Exercise directions:
Instruction for the entries below: return the part that opens with the line containing "Einhell áramfejlesztő, benzinmotoros" and closes with the line containing "Used CHANGAN UNI-V", exactly, and no pictures.

Exercise inputs:
◆ ◆ ◆ ◆ ◆ ◆ ◆

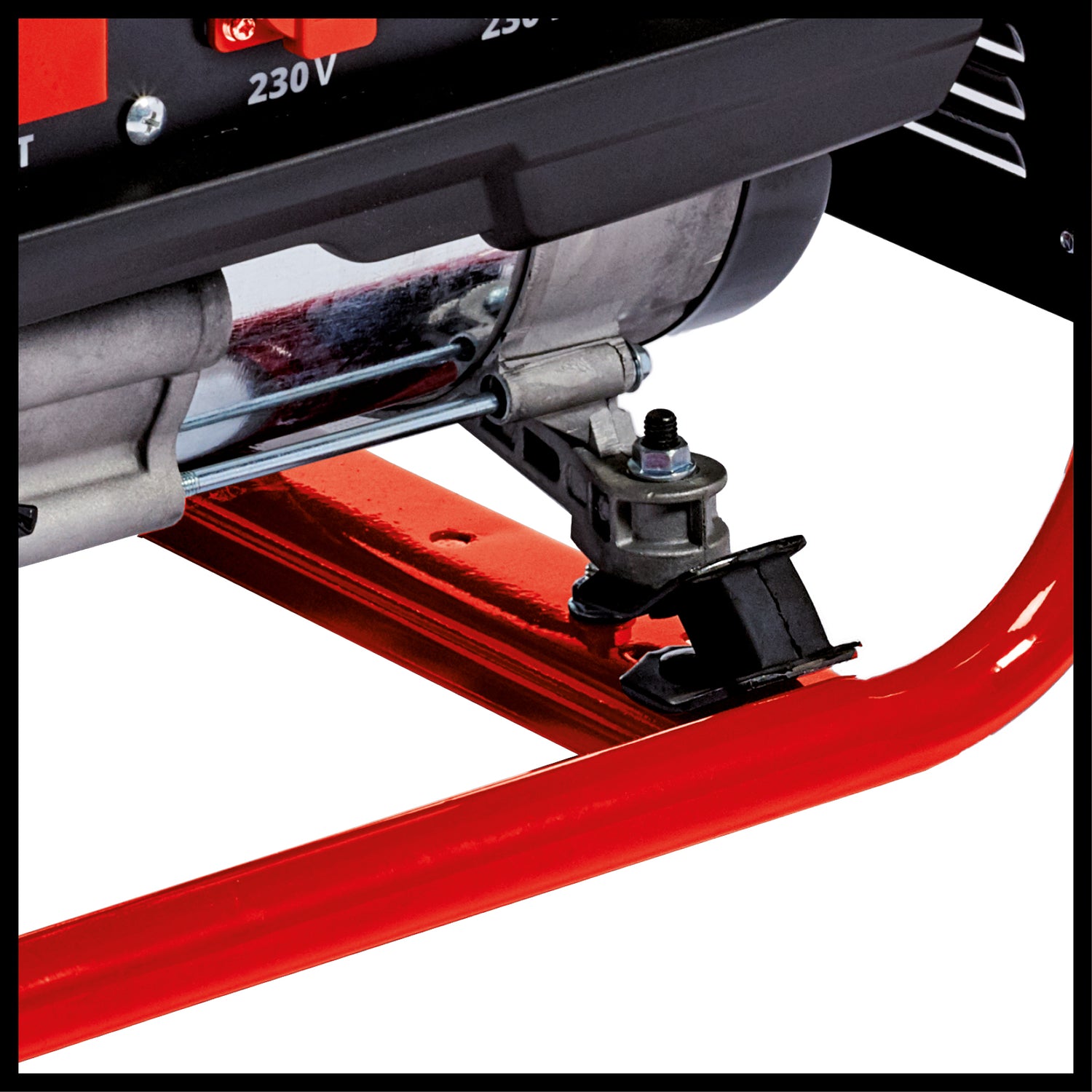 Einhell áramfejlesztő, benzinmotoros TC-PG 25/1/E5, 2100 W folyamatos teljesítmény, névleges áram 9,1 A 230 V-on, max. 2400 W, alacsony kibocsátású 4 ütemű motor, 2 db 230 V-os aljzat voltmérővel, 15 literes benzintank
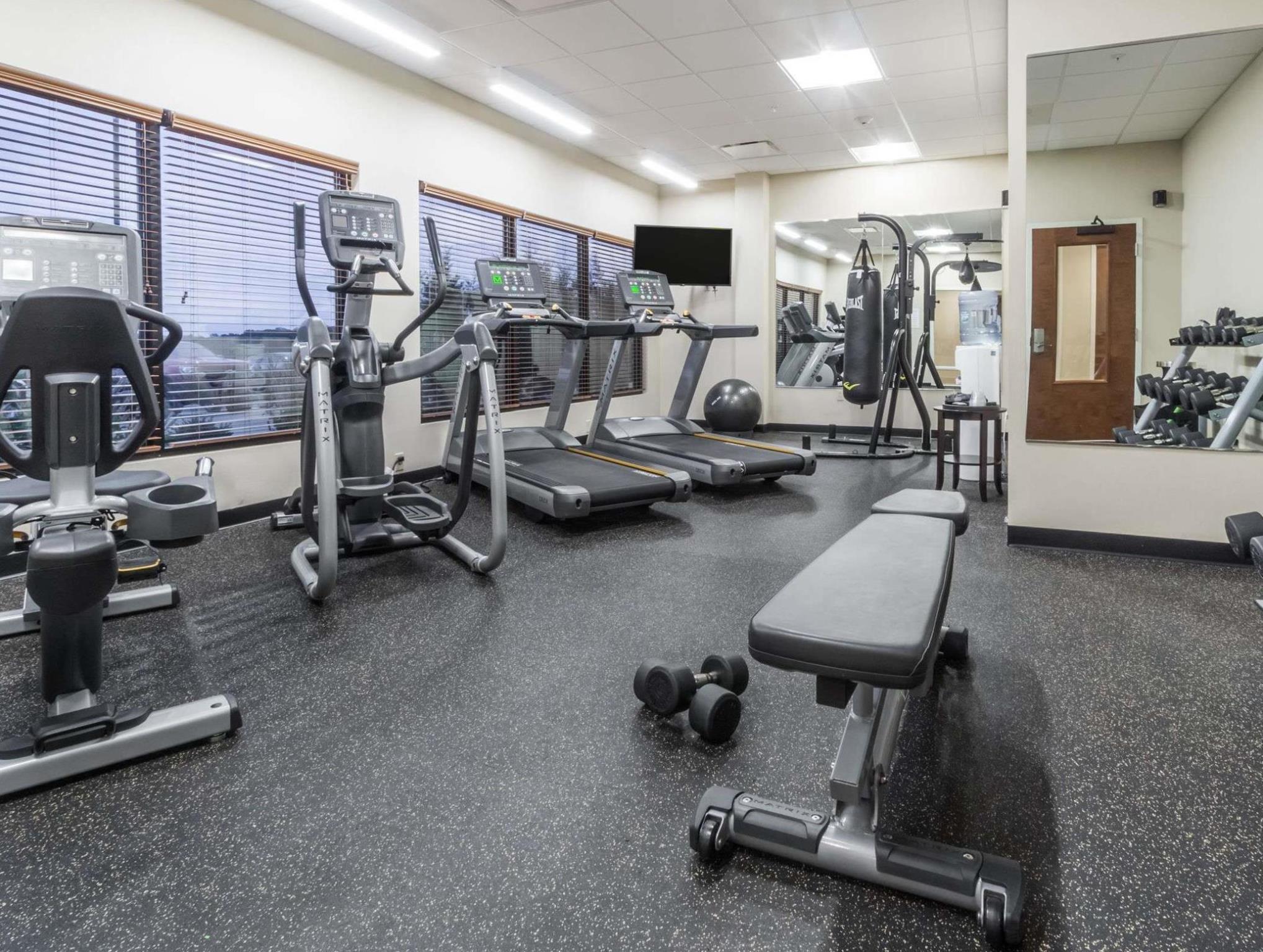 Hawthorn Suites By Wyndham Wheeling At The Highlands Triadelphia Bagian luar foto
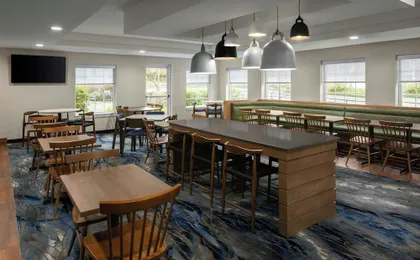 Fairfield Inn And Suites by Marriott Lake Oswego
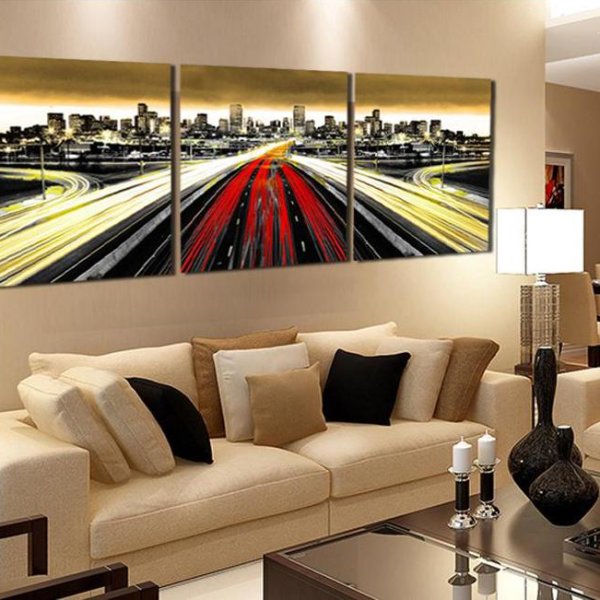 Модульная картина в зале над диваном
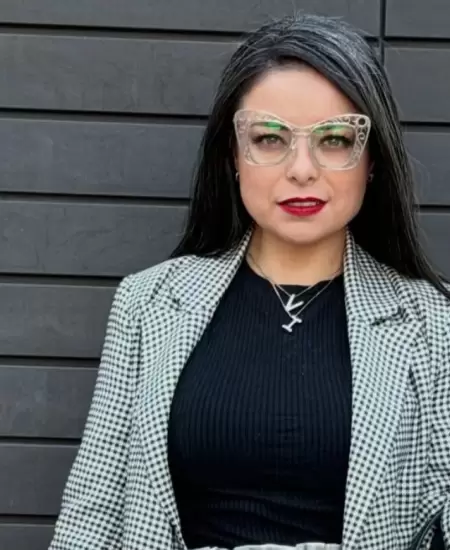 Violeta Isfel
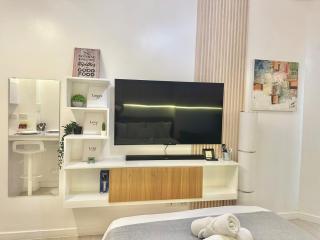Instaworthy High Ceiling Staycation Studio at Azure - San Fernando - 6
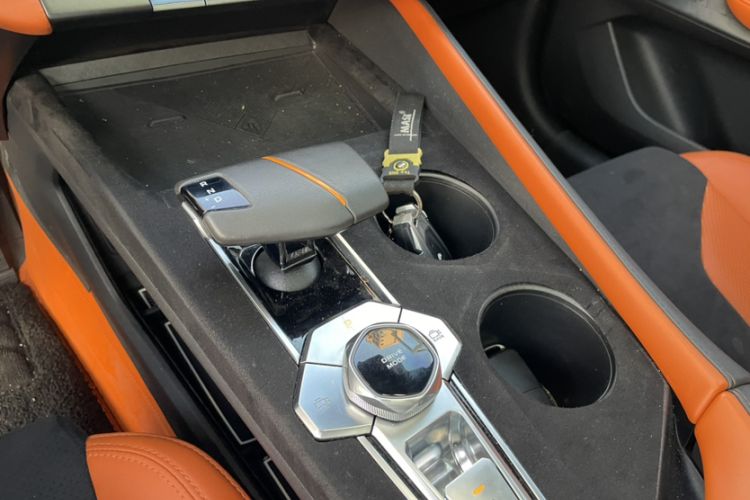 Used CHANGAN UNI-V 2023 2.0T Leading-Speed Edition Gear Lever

◆ ◆ ◆ ◆ ◆ ◆ ◆

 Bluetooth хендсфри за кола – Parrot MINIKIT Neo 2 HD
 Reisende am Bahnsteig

◆ ◆ ◆ ◆ ◆ ◆ ◆

Result:
 Einhell áramfejlesztő, benzinmotoros TC-PG 25/1/E5, 2100 W folyamatos teljesítmény, névleges áram 9,1 A 230 V-on, max. 2400 W, alacsony kibocsátású 4 ütemű motor, 2 db 230 V-os aljzat voltmérővel, 15 literes benzintank
 Hawthorn Suites By Wyndham Wheeling At The Highlands Triadelphia Bagian luar foto
 Fairfield Inn And Suites by Marriott Lake Oswego
 Модульная картина в зале над диваном
 Violeta Isfel
Instaworthy High Ceiling Staycation Studio at Azure - San Fernando - 6
 Used CHANGAN UNI-V 2023 2.0T Leading-Speed Edition Gear Lever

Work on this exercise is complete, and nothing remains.